Clinton’s four years as America’s top diplomat have given her iconic status around the world – and deservedly so. On her watch, two of the longest wars in US history have been wound down, America’s alliances have been reinvigorated, and young women everywhere have been encouraged to pursue their dreams – whether in academia, business, or politics. Hers is a record that ranks her among the great postwar US secretaries of state – Dean Acheson, Henry Kissinger, and James Baker.
The position of secretary of state is truly global in scope. It demands not only a coherent conception of how the world works and the place of US national interests within the international order, but also extraordinary political skill, stamina, timing, and, above all, courage. Clinton used all of these virtues to their highest possible effect.
In the midst of two wars and Asia’s rise, Clinton confronted the three great tasks that any US secretary of state must face: pinpointing the challenges at hand; developing a viable strategy that attracts the support of the entire US government and public opinion; and managing the actual practice of US diplomacy. Here, she was aided by the great confidence that Obama placed in her – a remarkable outcome, given their rivalry in the 2008 presidential campaign. Obama’s decision attests not only to his judgment, but also to her character.
Clinton’s primary challenge as secretary of state was to recast the very nature of US involvement in global affairs. The go-it-alone America of the years of the war on terror had alienated its closest allies, and had proven insufficient both to resolving the wars in Iraq and Afghanistan, and to creating a structure of peace for an Asia struggling to cope with China’s new power and assertiveness.
With Clinton at the diplomatic helm, the US once again made its alliances – in Europe, the Middle East, and Asia – both a core principle and the key operational mechanism of its foreign policy. This renewed trust in allies has been particularly important in Asia and the Middle East, where the US has used cooperation with old partners like Turkey, Japan, and South Korea, and new near-alliances with India and Indonesia, to deter aggression.

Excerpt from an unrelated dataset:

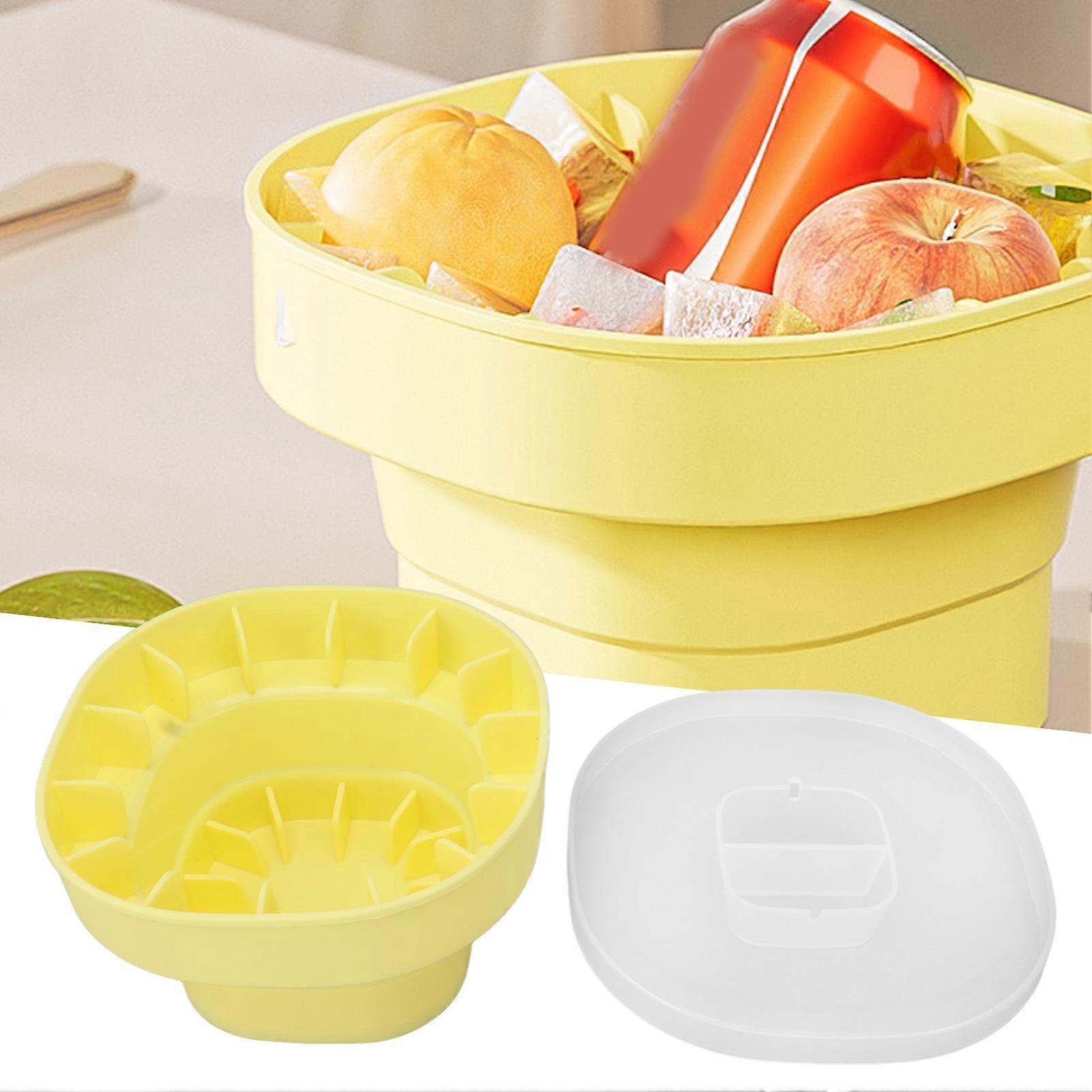 Foldable Silicone Ice Bucket 253g Portable Beverage Cooler Yellow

Indeed, American foreign policy’s “pivot to the Pacific” could not be undertaken without the US having first reinvigorated its relationships with Asia’s democracies. But it also could not have been undertaken without Clinton’s resolve to make China part of the solution, rather than merely a target of recrimination or containment. As a result, China is being given the opportunity to preserve its dignity while receiving incentives to integrate into a stable regional – and ultimately global – order that welcomes it as an integral player, so long as it abides by multilateral rules.
Of course, Clinton’s efforts to revitalize America’s alliances made restoring confidence in US leadership an overriding priority, which she achieved without seeking to militarize every international problem. Her approach implicitly assumed that creating conditions of cooperative strength can make the search for lasting peace self-reinforcing. Moreover, even as she emphasized the importance of alliances, she did not neglect diplomatic engagement with adversaries, though never – particularly with respect to Iran and North Korea – as simply an exercise in splitting the difference.
Clinton, the one-time legislator and practicing politician, understood that a stateswoman’s real legacy is not found in today’s headlines and opinion polls, but in lasting policies and institutions. This effort, she knew, requires a willingness to achieve one’s goals in stages, however imperfect. In her own words, “The challenge now is to practice politics as the art of making what appears to be impossible, possible.”
Finally, less noted but of real long-term consequence, Clinton made the cause of gender equality – and not only in the halls of power – a special focus of her diplomacy. Wherever she traveled, she spoke out for equal rights. “In too many instances,” she noted, “the march to globalization has also meant the marginalization of women and girls. And that must change.” Clinton has helped to bring about such change, not only for women like her (and me), but, more important, for the world’s poor, disenfranchised, and silenced women.